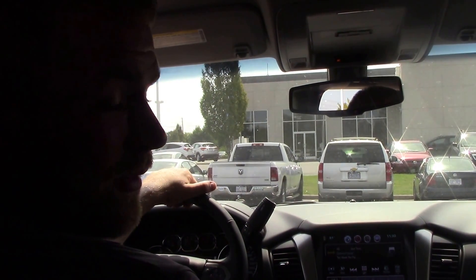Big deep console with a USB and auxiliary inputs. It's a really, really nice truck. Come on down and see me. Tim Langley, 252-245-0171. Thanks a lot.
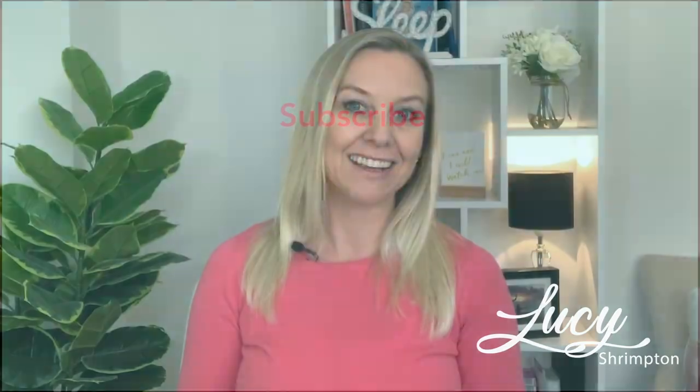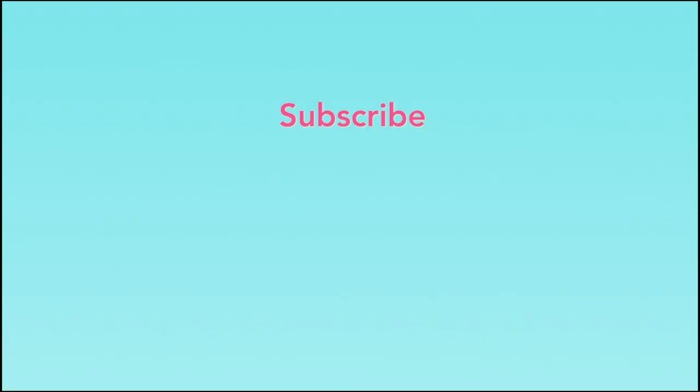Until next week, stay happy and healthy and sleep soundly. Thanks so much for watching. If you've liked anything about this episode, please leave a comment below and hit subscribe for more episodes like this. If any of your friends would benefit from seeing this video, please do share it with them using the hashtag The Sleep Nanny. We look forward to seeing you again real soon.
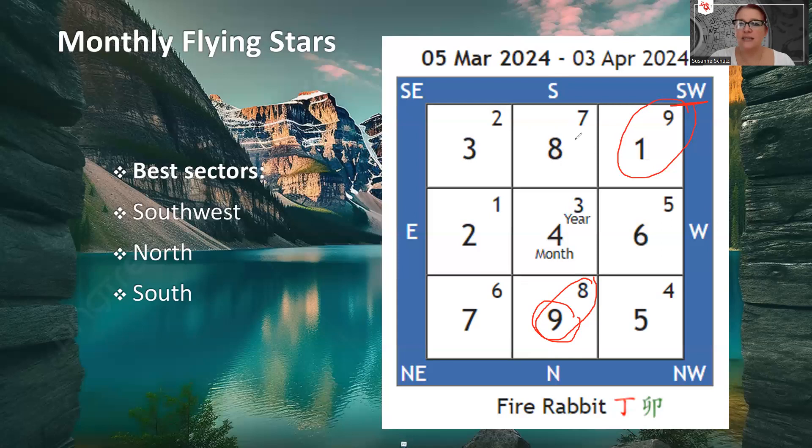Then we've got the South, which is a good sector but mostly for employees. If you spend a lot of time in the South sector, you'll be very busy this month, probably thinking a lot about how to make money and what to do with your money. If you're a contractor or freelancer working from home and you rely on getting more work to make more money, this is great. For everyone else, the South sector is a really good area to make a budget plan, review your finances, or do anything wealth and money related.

▶ [Task directions] Your answer must be the lines from the one containing "Until next week, stay" through the last line of the listing above, restated word for word, with no pictures.

▶ [Answer to this task]
Until next week, stay happy and healthy and sleep soundly. Thanks so much for watching. If you've liked anything about this episode, please leave a comment below and hit subscribe for more episodes like this. If any of your friends would benefit from seeing this video, please do share it with them using the hashtag The Sleep Nanny. We look forward to seeing you again real soon.
Then we've got the South, which is a good sector but mostly for employees. If you spend a lot of time in the South sector, you'll be very busy this month, probably thinking a lot about how to make money and what to do with your money. If you're a contractor or freelancer working from home and you rely on getting more work to make more money, this is great. For everyone else, the South sector is a really good area to make a budget plan, review your finances, or do anything wealth and money related.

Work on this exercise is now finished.